**Your instructions:** Without the pictures, set down every record below exactly as it reads.

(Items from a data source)
....................
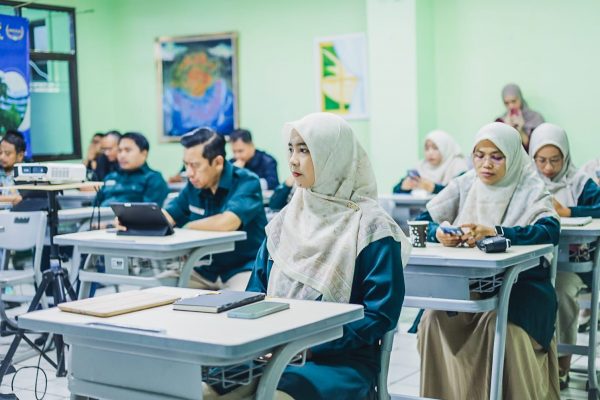 Perkuat Identitas Sekolah, SMA Islam Al-Azhar 2 Pejaten Gelar Workshop Branding Sekolah Bersama Konsultan Pendidikan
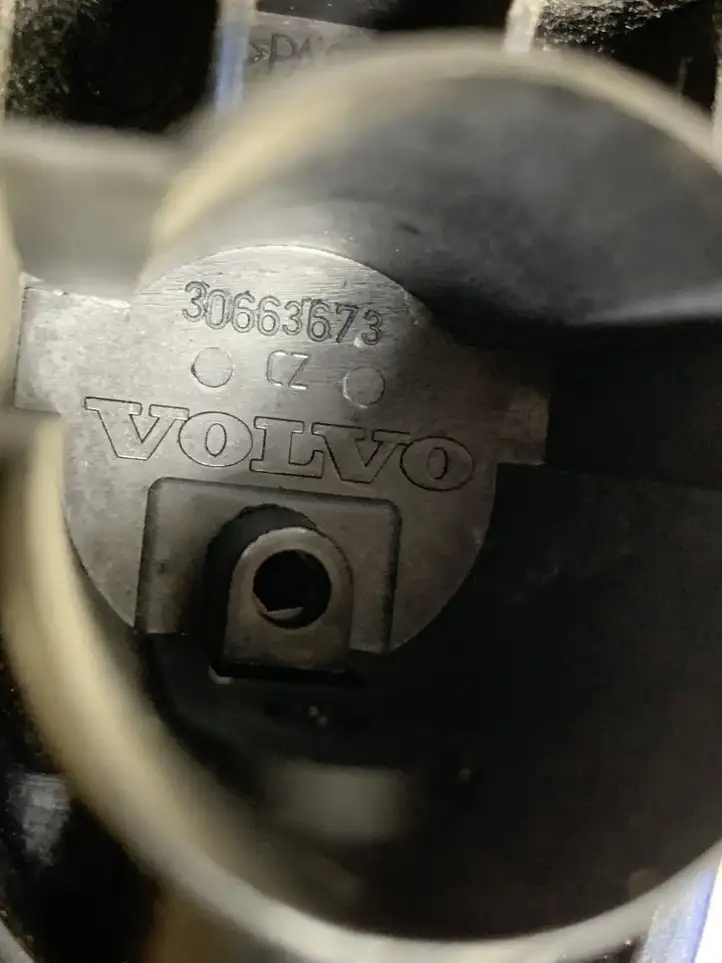 Volvo C30 (2007 - 2010) 30663673 Накладка ручки двери — фото 3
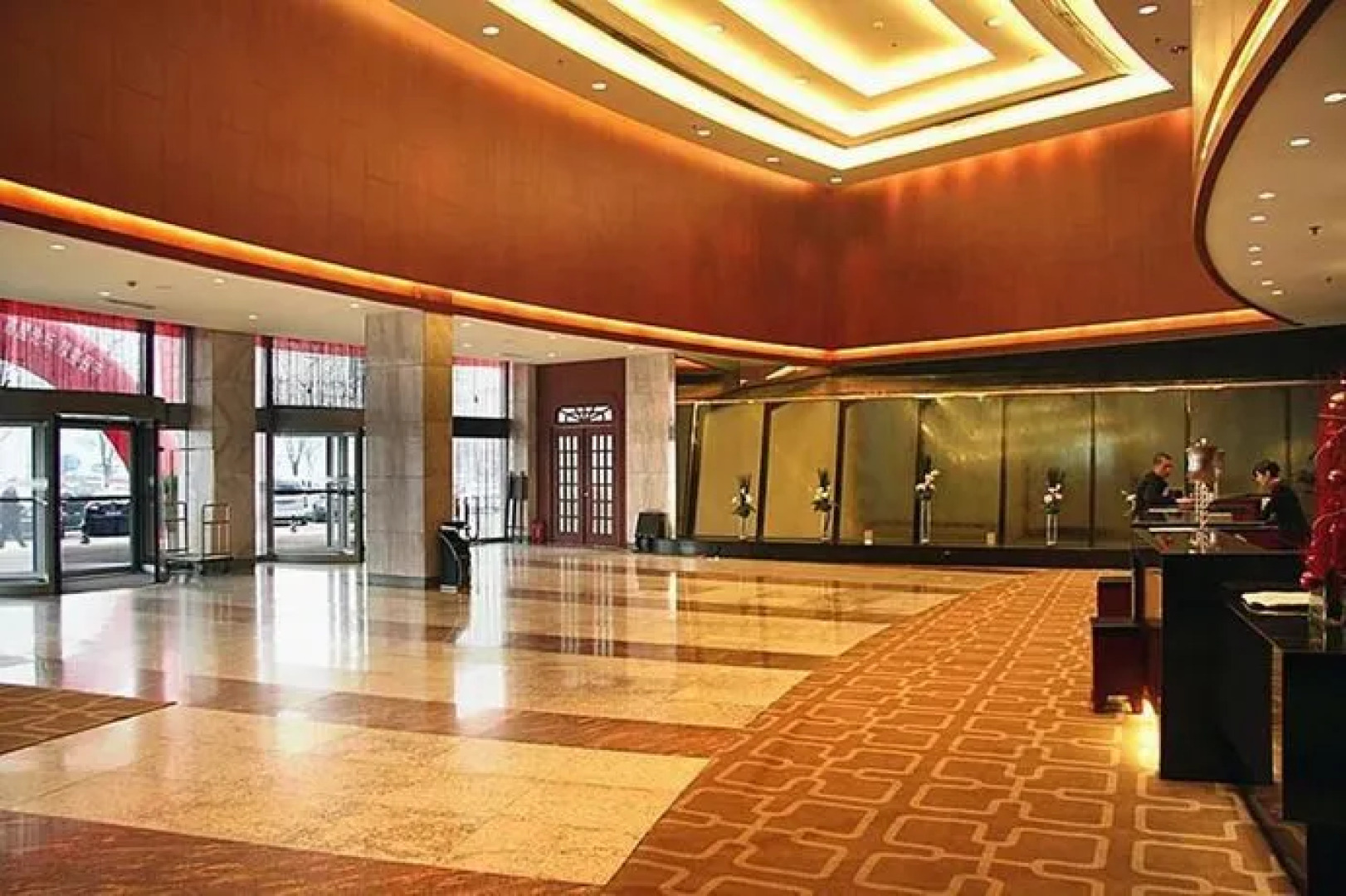 Golden Tulip Sky Gate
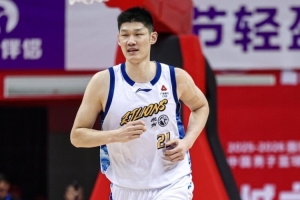 媒体人:长期连轴转的胡金秋本场尽显疲态 在场上缺乏能量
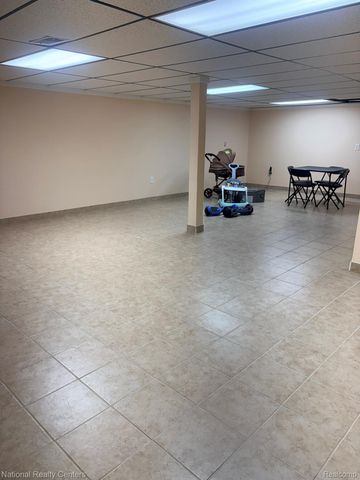 17400 Timothy Drive, Southgate, MI 48195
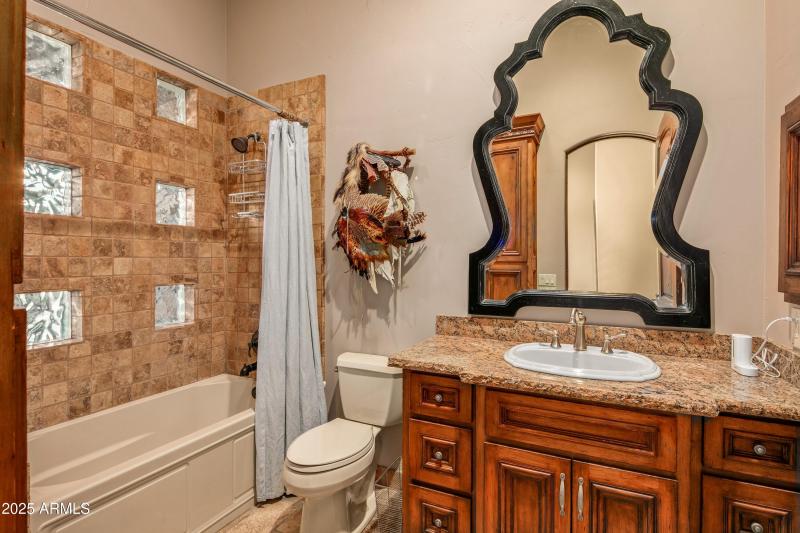 033_Guest Ensuite #1 Bath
....................
**Exercise answer:**
 Perkuat Identitas Sekolah, SMA Islam Al-Azhar 2 Pejaten Gelar Workshop Branding Sekolah Bersama Konsultan Pendidikan
 Volvo C30 (2007 - 2010) 30663673 Накладка ручки двери — фото 3
 Golden Tulip Sky Gate
 媒体人:长期连轴转的胡金秋本场尽显疲态 在场上缺乏能量
 17400 Timothy Drive, Southgate, MI 48195
 033_Guest Ensuite #1 Bath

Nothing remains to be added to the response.